Alberto è stato un cineasta in grado di non cristallizzare mai la sua opera, il suo stile. La sua curiosità e la sua teoria politica lo hanno portato a interrogarsi continuamente e a cambiare pelle e strategia diverse volte. E' passato dal cinema sperimentale, ad un cinema di documentazione apparentemente privo di ricerca stilistica, ad un lavoro di rivisitazione, assemblaggio, scavo continuo nel suo archivio e nella sua memoria personale con l'obiettivo principale di trasmettere ad altri (giovani, meno giovani) la capacità di usare il cinema come arma per svelare le contraddizioni del reale e per esprimere nuovi desideri, nuove vite.
Oggi, molti (me compreso) vedono crescere con favore un movimento che rompe la rigidità della produzione audiovisiva, soprattutto sul versante di una rinnovata vitalità del cinema documentario.
A me sembra però che in questa produzione stia già apparendo (anzi spesso sia presente dall'inizio) una sudditanza al mercato che produce sterilizzazione, di temi e di stili.
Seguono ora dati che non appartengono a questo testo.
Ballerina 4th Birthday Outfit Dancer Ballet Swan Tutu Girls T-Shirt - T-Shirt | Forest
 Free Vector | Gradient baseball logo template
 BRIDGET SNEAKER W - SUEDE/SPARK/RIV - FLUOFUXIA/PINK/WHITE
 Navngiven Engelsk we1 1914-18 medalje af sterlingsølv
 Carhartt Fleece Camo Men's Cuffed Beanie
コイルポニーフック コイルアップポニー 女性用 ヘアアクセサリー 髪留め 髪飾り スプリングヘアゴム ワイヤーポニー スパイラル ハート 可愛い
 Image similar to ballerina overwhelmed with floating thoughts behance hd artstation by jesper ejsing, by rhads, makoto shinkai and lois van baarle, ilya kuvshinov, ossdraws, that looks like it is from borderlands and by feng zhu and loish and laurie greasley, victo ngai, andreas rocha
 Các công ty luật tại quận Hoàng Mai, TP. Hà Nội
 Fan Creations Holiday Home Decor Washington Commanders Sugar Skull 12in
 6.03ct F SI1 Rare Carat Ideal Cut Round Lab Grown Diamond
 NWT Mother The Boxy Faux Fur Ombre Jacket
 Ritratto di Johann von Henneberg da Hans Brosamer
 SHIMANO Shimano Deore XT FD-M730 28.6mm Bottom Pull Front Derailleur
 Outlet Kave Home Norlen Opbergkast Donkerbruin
A prescindere dalla indubbia validità di molti documentari prodotti in Italia, credo che recuperare la libertà con cui Alberto ha usato il video negli anni '70, il suo disprezzo per un ragionamento puramente "autoriale", la sua capacità di dimenticarsi o meglio di opporsi ad ogni regola di mercato per lasciarsi andare semplicemente alla scoperta (della vita e del cinema), il coraggio e la spavalderia di produrre "documentazione audiovisiva" e non "documentari", senza timore alcuno di essere accusato (con una delle accuse che trovo oggi tra le più reazionarie nel mondo della produzione di documentari) di una sorta di "automatismo della telecamera", il coraggio di filmare 30 ore di materiale e non montarle mai come anche di fare un film di 4 ore come "Anna", la scelta di rimanere fedele al reale e ad una qualche verità della vita piuttosto che al suo stile e alle regole del cinema, sia un esempio assoluto che dovrebbe essere trasmesso e recepito a/da chiunque voglia dedicarsi alla produzione audiovisiva, oggi e sempre.
"Parco Lambro", qualcuno direbbe forse più "Verifica incerta" o "Anna", ma io dico "Parco Lambro" così com'è, in tutta la sua fluviale logorrea (visiva e verbale e politica) è veramente e finalmente per me la distruzione e la rinascita continua di un cinema che si confronti con la realtà, un esempio assoluto e definitivo di cinema contro il cinema.
"La teoria critica deve comunicarsi nel suo proprio linguaggio. E' il linguaggio della contraddizione, che deve essere dialettico nella forma come lo è nel contenuto. Esso è critica della totalità e critica storica. Non è un "grado zero della scrittura", ma il suo rovesciamento. Non è una negazione dello stile, ma lo stile della negazione."